The play is basically a comedy of misunderstandings and mistaken identity. In the opening scene, Ginny, a young woman with a slightly chequered romantic past, delightfully portrayed here by Phoebe Hayes, is planning to visit her parents for the day by train, but is resisting her boyfriend's willingness to tag along. This is with good reason, and although the audience is unaware at that point in the play, she is actually planning to visit her older, married, lover Philip, having several times attempted to break off their relationship and now wants to end it, once and for all. Rob Clarke was equally convincing as Ginny's naive and besotted boyfriend Greg, who doesn't apparently read anything into the fact of finding a pair of men's slippers under the bed, or the drawer full of expensive boxes of chocolates, or bunches of flowers filling Ginny's apartment, all of which are explained away by Ginny with improbable excuses! Greg proposes to her, but is still rebuffed, so decides to follow her, with potentially disastrous results.

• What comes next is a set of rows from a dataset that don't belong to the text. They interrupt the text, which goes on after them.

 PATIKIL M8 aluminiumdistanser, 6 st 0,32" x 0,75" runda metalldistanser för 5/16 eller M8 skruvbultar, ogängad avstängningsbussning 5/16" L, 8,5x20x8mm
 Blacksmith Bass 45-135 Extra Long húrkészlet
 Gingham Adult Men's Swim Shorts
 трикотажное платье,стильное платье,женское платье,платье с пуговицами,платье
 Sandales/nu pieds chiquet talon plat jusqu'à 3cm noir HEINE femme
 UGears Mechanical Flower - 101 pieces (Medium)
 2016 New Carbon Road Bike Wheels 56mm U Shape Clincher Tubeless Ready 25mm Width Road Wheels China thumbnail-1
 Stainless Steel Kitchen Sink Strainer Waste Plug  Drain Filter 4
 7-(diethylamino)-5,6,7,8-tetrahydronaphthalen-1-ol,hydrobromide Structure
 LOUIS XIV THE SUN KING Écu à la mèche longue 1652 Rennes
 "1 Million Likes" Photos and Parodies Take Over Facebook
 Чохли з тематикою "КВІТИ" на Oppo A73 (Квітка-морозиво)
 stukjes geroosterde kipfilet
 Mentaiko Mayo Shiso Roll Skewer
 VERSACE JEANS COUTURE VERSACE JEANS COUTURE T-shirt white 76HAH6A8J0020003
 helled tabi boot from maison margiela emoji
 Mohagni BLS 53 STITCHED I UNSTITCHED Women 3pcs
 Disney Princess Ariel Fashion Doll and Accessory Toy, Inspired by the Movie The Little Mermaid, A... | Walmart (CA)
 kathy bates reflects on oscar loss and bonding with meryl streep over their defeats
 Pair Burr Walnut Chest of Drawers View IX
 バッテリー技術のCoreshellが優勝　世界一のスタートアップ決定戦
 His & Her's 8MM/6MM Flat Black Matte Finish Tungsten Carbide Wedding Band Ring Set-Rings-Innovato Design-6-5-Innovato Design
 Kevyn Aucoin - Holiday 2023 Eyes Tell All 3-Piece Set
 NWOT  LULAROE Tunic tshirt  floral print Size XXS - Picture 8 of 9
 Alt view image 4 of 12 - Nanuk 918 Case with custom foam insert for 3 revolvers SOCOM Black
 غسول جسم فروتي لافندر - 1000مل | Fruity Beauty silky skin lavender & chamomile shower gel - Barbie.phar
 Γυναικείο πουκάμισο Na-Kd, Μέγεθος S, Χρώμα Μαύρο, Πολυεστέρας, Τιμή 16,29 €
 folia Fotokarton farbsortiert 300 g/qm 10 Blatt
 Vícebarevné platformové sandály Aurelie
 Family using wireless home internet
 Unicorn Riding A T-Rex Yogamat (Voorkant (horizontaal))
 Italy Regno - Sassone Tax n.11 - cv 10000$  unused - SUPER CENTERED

In the next scene, we meet Philip and Sheila, who are "enjoying" breakfast on the patio and planning their day. It's very obvious from their relationship with each other that their marriage is under some strain. Netti Hayes gave us an enjoyable performance as the slightly bemused, but caring wife, who's put down somewhat by her overbearing husband, well-portrayed here by Peter Simmons. Philip's plans for a clandestine meeting with Ginny, his former employee and lover, are thwarted when Sheila announces she's not going to church, throwing Philip into an impassioned rage about a lost garden hoe! Greg then turns up unannounced, ahead of Ginny, and wrongly assumes that Sheila and Philip are Ginny's parents. When Greg asks for permission to marry, Philip mistakenly believes Greg is his wife's lover and wants to marry her! Once Ginny arrives, she has to convince Philip to play the role of her father - all very confusing and hilarious, and so typical of an Alan Ayckbourn comedy.
Thank you, Clavering Players, for a very enjoyable and entertaining evening.